Os queijos feitos nas fazendas são particulares, com mais tipicidade e gosto bem mais forte. “O queijo muda de acordo com a estação do ano, na época do verão que chove mais e as pastagens estão mais ricas em gordura, os microorganismos do leite também ficam mais ativos e aparecem algumas olhaduras no queijo, mais isso não é um defeito, pelo contrário, notamos que esses queijos têm mais sabor” contou Pauline Villeumain, responsável da fazenda Roches du Dard, que também resolveu parar de vender uma parte do leite para a cooperativa e transformar na própria fazenda.

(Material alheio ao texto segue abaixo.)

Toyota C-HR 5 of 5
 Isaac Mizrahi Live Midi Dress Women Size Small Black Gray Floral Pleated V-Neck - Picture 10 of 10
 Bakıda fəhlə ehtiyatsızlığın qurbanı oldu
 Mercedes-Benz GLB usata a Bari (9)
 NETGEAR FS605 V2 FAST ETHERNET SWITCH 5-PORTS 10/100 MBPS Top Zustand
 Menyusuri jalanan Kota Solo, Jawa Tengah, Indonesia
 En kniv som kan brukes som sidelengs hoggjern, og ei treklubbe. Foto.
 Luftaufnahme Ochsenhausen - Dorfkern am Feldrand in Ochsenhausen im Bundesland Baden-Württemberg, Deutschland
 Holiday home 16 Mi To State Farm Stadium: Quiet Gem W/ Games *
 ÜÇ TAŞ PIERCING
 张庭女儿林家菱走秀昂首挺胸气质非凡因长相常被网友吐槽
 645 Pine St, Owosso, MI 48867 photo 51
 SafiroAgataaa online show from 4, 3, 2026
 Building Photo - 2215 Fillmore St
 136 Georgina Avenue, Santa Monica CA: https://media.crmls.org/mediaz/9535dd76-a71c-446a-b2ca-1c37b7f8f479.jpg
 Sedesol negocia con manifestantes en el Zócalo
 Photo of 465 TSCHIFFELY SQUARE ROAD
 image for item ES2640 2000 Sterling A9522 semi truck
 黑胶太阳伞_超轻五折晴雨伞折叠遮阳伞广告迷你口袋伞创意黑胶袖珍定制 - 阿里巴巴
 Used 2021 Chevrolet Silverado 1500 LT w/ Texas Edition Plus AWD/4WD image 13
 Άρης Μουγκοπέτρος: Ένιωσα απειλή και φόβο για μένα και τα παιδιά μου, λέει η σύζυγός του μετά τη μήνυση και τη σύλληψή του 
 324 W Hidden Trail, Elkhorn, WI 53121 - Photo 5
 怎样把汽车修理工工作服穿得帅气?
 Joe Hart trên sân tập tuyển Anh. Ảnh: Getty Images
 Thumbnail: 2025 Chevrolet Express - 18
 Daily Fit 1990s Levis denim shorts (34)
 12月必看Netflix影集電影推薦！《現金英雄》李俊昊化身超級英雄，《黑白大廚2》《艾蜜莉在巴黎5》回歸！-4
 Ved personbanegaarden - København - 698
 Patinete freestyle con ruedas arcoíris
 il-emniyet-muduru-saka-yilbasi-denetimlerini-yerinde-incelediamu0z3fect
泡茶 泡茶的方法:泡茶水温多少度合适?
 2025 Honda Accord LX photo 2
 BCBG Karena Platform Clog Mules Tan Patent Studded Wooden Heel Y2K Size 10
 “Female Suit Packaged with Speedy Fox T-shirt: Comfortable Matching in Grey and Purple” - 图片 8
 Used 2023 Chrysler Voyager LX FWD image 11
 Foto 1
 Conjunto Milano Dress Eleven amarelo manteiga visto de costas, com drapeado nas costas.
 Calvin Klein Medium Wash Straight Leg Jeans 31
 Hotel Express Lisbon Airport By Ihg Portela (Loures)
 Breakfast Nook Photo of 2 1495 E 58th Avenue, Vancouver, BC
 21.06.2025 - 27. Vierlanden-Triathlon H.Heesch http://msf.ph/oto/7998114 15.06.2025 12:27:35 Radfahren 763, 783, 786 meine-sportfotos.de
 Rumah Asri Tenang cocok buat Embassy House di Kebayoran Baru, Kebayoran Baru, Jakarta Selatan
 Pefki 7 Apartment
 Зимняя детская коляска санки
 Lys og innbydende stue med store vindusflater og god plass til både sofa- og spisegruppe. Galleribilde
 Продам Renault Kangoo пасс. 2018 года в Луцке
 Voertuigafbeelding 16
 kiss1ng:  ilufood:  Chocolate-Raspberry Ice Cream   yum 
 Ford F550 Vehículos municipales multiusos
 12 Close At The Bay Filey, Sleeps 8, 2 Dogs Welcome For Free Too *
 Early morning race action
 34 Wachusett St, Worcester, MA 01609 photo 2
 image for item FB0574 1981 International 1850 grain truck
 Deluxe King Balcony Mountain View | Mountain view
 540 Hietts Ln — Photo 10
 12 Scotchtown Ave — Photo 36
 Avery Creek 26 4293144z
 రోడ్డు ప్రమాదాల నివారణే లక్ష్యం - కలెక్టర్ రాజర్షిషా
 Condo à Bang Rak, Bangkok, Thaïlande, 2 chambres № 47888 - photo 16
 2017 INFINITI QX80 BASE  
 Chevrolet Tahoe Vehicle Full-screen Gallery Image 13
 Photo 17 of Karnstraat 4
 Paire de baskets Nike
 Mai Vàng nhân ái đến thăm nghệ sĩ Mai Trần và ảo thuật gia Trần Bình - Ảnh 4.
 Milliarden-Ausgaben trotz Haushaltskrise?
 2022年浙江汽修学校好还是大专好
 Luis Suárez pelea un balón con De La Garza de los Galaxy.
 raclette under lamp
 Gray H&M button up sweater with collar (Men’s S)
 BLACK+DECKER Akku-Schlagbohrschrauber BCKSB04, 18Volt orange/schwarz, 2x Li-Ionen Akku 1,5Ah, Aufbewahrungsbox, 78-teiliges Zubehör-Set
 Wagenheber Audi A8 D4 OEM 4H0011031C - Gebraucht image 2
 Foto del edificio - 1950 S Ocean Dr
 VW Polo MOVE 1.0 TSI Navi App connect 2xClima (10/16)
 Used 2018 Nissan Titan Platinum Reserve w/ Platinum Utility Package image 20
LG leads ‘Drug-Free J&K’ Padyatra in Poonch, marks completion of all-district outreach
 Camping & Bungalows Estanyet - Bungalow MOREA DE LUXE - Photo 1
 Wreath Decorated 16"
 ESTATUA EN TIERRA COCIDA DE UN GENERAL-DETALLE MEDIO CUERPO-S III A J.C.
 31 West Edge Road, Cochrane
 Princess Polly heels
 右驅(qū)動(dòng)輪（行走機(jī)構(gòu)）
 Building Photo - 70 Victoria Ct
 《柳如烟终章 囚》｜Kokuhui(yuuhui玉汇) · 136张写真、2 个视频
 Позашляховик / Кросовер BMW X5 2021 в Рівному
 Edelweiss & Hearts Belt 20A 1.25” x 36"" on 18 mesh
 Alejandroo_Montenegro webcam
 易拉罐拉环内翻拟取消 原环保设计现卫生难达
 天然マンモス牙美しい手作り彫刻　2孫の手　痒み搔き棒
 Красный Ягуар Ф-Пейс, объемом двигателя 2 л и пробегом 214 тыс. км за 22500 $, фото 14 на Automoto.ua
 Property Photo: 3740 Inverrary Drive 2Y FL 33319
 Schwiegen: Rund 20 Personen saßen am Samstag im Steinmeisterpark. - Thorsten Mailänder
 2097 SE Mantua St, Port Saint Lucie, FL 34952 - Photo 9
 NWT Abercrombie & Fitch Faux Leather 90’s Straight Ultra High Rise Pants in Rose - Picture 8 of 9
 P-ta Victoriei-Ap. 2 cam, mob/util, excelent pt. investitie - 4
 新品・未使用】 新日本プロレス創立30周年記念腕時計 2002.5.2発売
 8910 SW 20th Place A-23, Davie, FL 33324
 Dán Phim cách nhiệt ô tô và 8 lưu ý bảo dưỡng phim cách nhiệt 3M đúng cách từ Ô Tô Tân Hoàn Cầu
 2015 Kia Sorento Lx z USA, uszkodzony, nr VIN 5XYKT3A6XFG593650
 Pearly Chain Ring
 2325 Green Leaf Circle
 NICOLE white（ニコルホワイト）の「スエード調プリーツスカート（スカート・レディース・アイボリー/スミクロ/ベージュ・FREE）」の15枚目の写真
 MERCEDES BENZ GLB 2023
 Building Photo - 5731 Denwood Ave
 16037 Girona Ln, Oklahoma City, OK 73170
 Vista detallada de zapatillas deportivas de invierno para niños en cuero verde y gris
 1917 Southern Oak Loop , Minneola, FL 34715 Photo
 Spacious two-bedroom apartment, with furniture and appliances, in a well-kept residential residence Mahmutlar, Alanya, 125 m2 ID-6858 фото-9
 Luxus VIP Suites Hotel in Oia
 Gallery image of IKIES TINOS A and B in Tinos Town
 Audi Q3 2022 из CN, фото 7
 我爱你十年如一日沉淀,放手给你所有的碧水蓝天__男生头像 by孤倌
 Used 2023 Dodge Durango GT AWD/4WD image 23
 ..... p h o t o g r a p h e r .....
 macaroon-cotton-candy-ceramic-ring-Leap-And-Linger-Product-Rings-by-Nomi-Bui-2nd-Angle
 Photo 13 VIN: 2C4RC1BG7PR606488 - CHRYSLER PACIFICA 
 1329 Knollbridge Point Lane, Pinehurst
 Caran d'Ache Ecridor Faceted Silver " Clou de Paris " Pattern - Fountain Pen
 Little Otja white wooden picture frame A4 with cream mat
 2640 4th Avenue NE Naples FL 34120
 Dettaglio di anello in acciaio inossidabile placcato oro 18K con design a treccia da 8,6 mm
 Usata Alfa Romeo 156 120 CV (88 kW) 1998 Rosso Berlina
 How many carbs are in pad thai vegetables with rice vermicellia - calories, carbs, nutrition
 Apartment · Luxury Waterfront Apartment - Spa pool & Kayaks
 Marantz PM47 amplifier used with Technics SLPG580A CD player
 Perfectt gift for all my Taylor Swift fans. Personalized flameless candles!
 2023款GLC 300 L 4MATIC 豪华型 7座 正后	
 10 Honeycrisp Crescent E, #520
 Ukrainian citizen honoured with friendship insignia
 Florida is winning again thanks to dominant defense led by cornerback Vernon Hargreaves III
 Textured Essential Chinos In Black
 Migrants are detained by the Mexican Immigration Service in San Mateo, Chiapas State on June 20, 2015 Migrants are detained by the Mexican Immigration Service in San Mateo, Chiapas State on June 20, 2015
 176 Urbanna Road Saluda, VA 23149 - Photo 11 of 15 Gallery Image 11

O sindicato dos produtores tem uma comissão organoléptica que prova os queijos de todos os produtores que têm direito de usar o selo da denominação de origem para controlar a qualidade, quatro vezes por ano. “Nossos queijos, mesmo mais rústicos e com olhaduras foram considerados excelentes, ficamos felizes que a comissão tem essa abertura para a diversidade dos sabores. É leite cru, é normal respeitar essa diversidade” disse Pauline.

Sentindo o gostinho do morbier

Por ter sido lavada com uma solução probiótica nativa da região (chamada de morge) a casca do queijo tem cor alaranjada e cheiro bem intenso. Do inverno ao verão, a massa vai do marfim ao amarelo, porque quando as vacas estão pastando no verão elas comem mais caroteno. Ele tem fragrâncias frutadas bem marcantes e uma textura ligeiramente macia, como um queijo raclette. Aliás, excelente para derreter em cima da batata cozida, como as raclettes.